Personally, I feel very much the same way that nonsupernaturalist does. The first part of unkleE’s question that I’d like to address is his statement about nonbelief:
If we applied that logic, no-one would be an atheist because they didn’t have inerrant knowledge for that conclusion.
I think this depends on what one means by “atheism.” I’m not really interested in trying to determine what the official definition of the term is; rather, I’d like to make sure we’re all talking about the same thing within the confines of this discussion. When I refer to myself as an atheist, I simply mean that I don’t believe any of the proposed god claims that I’ve encountered. I’m not necessarily saying that I think no gods exist, period. And if I were to say that, I’d give the caveat that I could easily be wrong about such a belief. This notion of atheism, the position that one hasn’t been convinced of any god claims, is often referred to as “weak atheism” or “soft atheism.” Personally, I think that should be everyone’s default position. No one should be a Muslim, a Hindu, or a Christian until he or she has been convinced that the god(s) of that particular religion exist(s). If we didn’t operate in this way, then we’d all immediately accept the proposition of every religion we encountered, until its claims could be disproven. This would make most of us Christians, Buddhists, Hindus, Muslims, pagans, and atheists all at the same time. Obviously, that’s ridiculous. So on those grounds, I don’t agree with unkleE’s assertion that we would need inerrant information to not believe something.
Furthermore, when it comes to the claims of Christianity, I can accept or reject them completely independently of what I think about the existence of god(s). Many times, discussions about the evidence for and against Christianity slide into discussions about whether or not a god exists. People bring up the cosmological and teleological arguments. While those discussions can be important, I think they are really just distractions when we’re talking about a specific religion. I’m okay conceding that a god might exist, so I’d rather focus on the pros and cons of Christianity to see if it could possibly be true. After all, it could be the case that God is real, but Christianity is false.
unkleE’s comment started like this:
How is it that in everything else in life – whether it be ethics, or politics, relationships, science, history, law, even disbelief – we are willing to make decisions based on non-inerrant evidence and reasoning, but when it is belief in God we require inerrant evidence?
To piggy-back off the comments I just made, I don’t necessarily require inerrant evidence to believe in God. I think the necessity for inerrancy comes from the kind of god being argued for. The Abrahamic religions teach that there is one God who is supreme. He is all-powerful, all-knowing, all-loving, completely just, etc. I know there are sometimes caveats placed on those labels. For instance, can God create a rock so large that he can’t lift it? Arguments like that illustrate that being all-powerful doesn’t mean he’s outside the laws of logic.

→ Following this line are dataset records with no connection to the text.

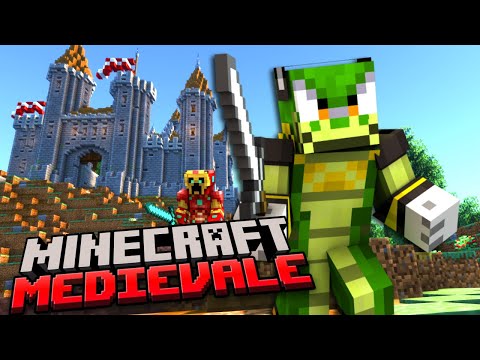 Ho Simulato un TORNEO MEDIEVALE su MINECRAFT - ITA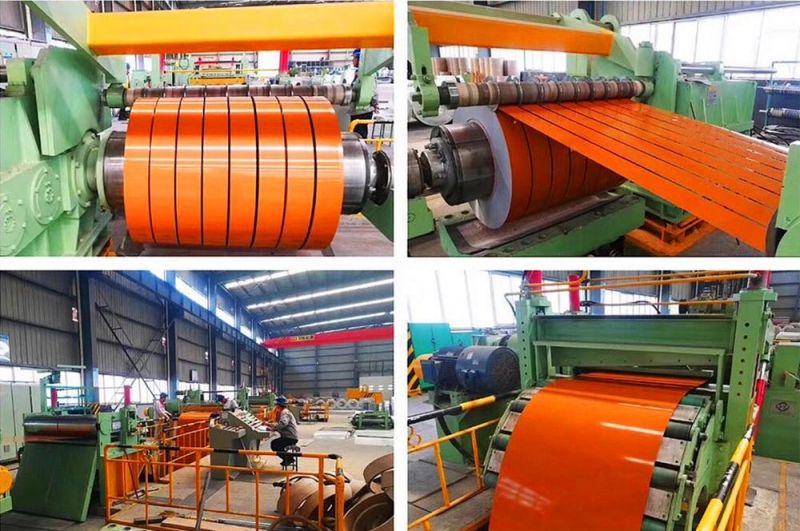 Hot Sale PPGI/PPGL Color Coated Steel Coil, Prepainted Galvanized Steel Coil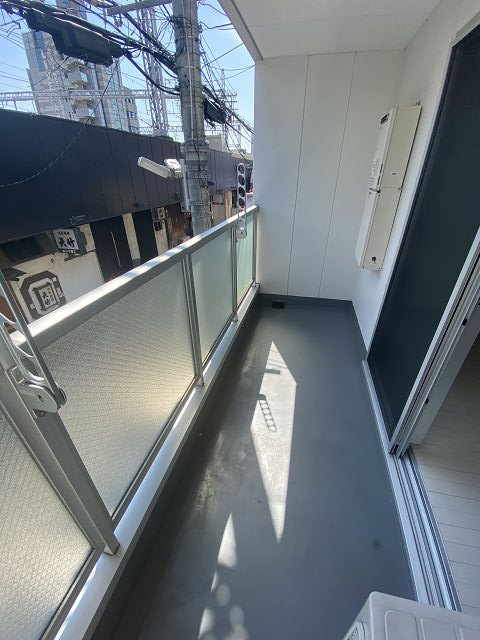 Marutakaのバルコニー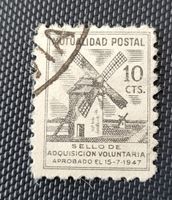 Spanien alte briefmarke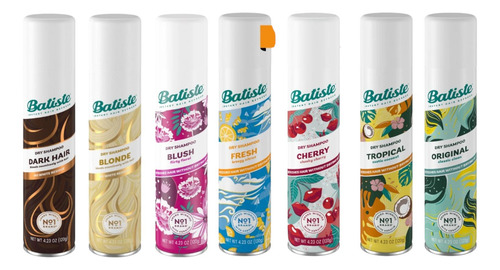 Shampoo A Seco Batiste Instant Hair Refresh 200ml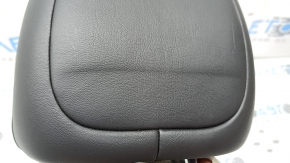 Подголовник 2 ряда правый Jeep Cherokee KL 14-23 кожа черная, примят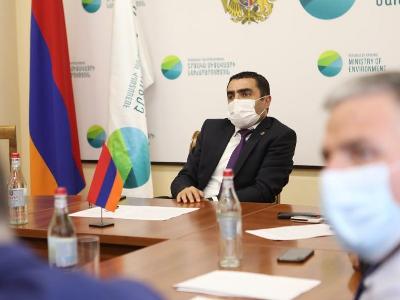 Սպիտակ արագիլների աղտոտման հիմնական աղբյուրը հայտնաբերված է․ ՇՄ նախարար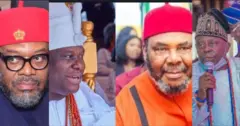 Uche Nworah, Ooni nke Ife, Peter Edochie na Elebuibon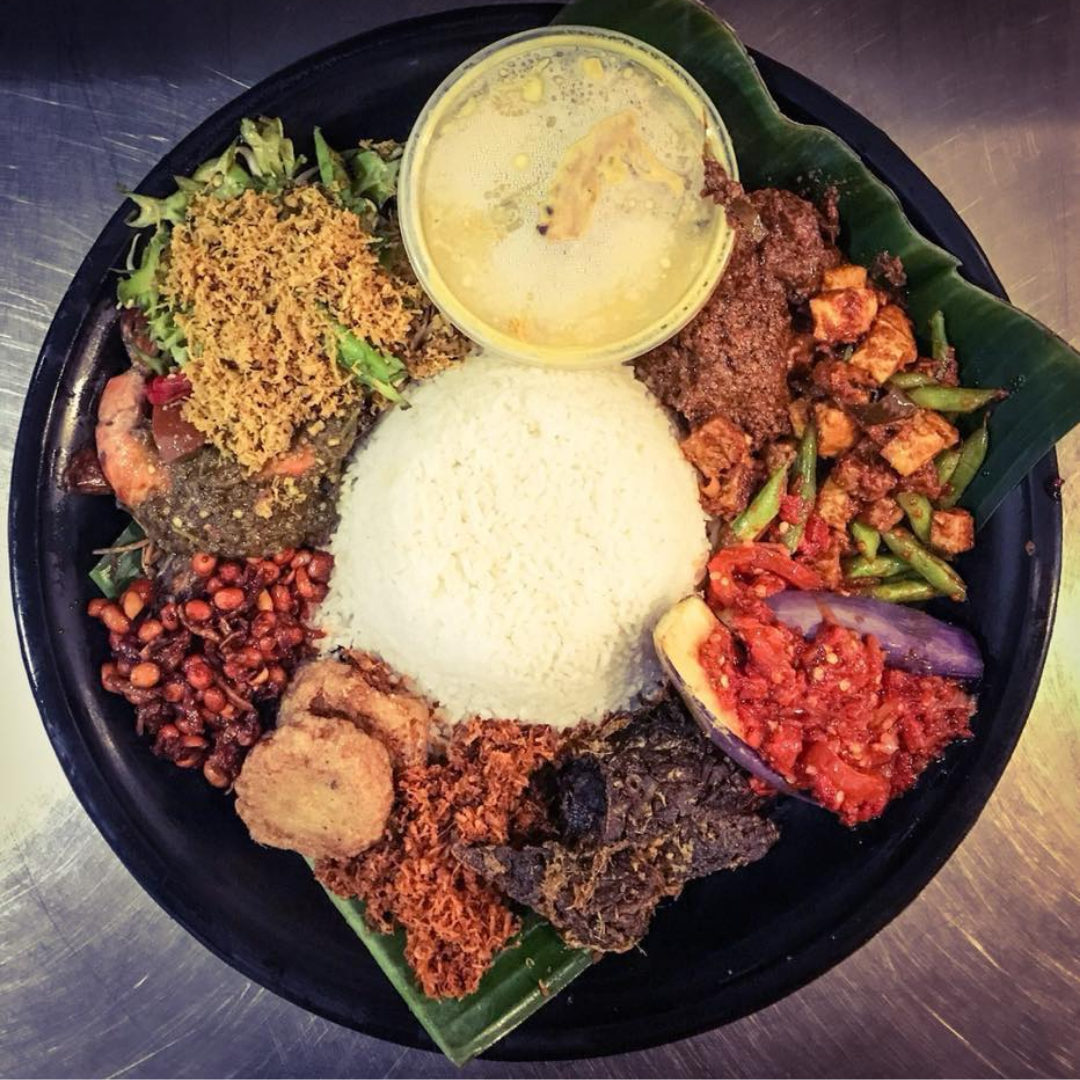 Nasi deals ambeng delivery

And the same goes for all-knowing. It’s sometimes argued that he knows all that can be known… perhaps there are some things that can’t be known? The waters can get muddy pretty quickly, so I think it’s best to refer back to the religion’s source material (the Bible, in this case) to learn more about the characteristics of this god.

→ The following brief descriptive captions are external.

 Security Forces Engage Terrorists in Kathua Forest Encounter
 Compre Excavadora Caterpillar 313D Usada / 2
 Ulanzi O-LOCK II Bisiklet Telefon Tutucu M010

In the Bible, God seems to be big on proofs. When God wanted Noah to build an ark, he spoke to him directly. Noah didn’t have to decide between a handful of prophets each telling him different things — God made sure that Noah knew exactly what was required of him. The same was done for Abraham when God wanted him to move into the land of Canaan, and when God commanded him to sacrifice Isaac. When God called Moses to deliver the Israelites from Egyptian bondage, he also spoke directly to Moses. And on top of that, he even offered additional proofs by performing signs for Moses. And when Moses appeared before Pharaoh, God again used signs to show Pharaoh that Moses did indeed speak on God’s behalf. Miraculous signs were used throughout the period of time that the Israelites wandered in the wilderness. And we can fast forward to the time of Gideon and see that God used signs as evidence then as well. Throughout the Old Testament, signs were given to people to show God’s involvement and desires. There are even examples where God punished those who listened to false prophets who hadn’t shown such signs, such as the man of God who listened to the instruction of an old prophet who was actually lying to him. God sent a lion to kill the man (I Kings 13:11-32).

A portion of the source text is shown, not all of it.